> _EXERCISE AIM_:
Copy the listing out in full. Keep every word as it is.

> _INFORMATION SHOWN_:
####################
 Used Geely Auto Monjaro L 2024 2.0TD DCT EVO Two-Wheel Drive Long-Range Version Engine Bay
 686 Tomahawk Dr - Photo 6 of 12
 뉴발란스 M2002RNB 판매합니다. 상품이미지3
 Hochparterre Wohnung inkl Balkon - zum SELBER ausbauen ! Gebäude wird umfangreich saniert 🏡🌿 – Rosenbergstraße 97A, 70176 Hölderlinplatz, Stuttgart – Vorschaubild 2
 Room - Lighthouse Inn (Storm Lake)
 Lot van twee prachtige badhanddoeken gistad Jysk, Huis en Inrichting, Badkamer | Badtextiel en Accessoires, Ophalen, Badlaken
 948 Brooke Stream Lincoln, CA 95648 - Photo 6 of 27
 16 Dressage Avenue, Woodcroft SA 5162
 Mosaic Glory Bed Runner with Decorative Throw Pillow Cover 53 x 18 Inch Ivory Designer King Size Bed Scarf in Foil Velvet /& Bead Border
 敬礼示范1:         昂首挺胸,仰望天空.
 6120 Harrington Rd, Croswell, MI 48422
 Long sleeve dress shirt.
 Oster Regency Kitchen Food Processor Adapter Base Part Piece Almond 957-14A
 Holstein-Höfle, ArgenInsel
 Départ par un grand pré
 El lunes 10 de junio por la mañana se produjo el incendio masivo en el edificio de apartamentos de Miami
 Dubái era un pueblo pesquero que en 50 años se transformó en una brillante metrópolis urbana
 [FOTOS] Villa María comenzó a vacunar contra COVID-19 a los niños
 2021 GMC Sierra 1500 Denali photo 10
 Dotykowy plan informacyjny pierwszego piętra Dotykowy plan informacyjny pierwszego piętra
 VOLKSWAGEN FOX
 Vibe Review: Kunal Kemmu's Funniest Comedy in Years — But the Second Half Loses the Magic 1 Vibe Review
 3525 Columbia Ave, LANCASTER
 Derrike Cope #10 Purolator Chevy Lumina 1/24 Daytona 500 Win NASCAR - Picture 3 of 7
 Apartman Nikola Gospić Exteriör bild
####################
> _FINISHED TASK_:
 Used Geely Auto Monjaro L 2024 2.0TD DCT EVO Two-Wheel Drive Long-Range Version Engine Bay
 686 Tomahawk Dr - Photo 6 of 12
 뉴발란스 M2002RNB 판매합니다. 상품이미지3
 Hochparterre Wohnung inkl Balkon - zum SELBER ausbauen ! Gebäude wird umfangreich saniert 🏡🌿 – Rosenbergstraße 97A, 70176 Hölderlinplatz, Stuttgart – Vorschaubild 2
 Room - Lighthouse Inn (Storm Lake)
 Lot van twee prachtige badhanddoeken gistad Jysk, Huis en Inrichting, Badkamer | Badtextiel en Accessoires, Ophalen, Badlaken
 948 Brooke Stream Lincoln, CA 95648 - Photo 6 of 27
 16 Dressage Avenue, Woodcroft SA 5162
 Mosaic Glory Bed Runner with Decorative Throw Pillow Cover 53 x 18 Inch Ivory Designer King Size Bed Scarf in Foil Velvet /& Bead Border
 敬礼示范1:         昂首挺胸,仰望天空.
 6120 Harrington Rd, Croswell, MI 48422
 Long sleeve dress shirt.
 Oster Regency Kitchen Food Processor Adapter Base Part Piece Almond 957-14A
 Holstein-Höfle, ArgenInsel
 Départ par un grand pré
 El lunes 10 de junio por la mañana se produjo el incendio masivo en el edificio de apartamentos de Miami
 Dubái era un pueblo pesquero que en 50 años se transformó en una brillante metrópolis urbana
 [FOTOS] Villa María comenzó a vacunar contra COVID-19 a los niños
 2021 GMC Sierra 1500 Denali photo 10
 Dotykowy plan informacyjny pierwszego piętra Dotykowy plan informacyjny pierwszego piętra
 VOLKSWAGEN FOX
 Vibe Review: Kunal Kemmu's Funniest Comedy in Years — But the Second Half Loses the Magic 1 Vibe Review
 3525 Columbia Ave, LANCASTER
 Derrike Cope #10 Purolator Chevy Lumina 1/24 Daytona 500 Win NASCAR - Picture 3 of 7
 Apartman Nikola Gospić Exteriör bild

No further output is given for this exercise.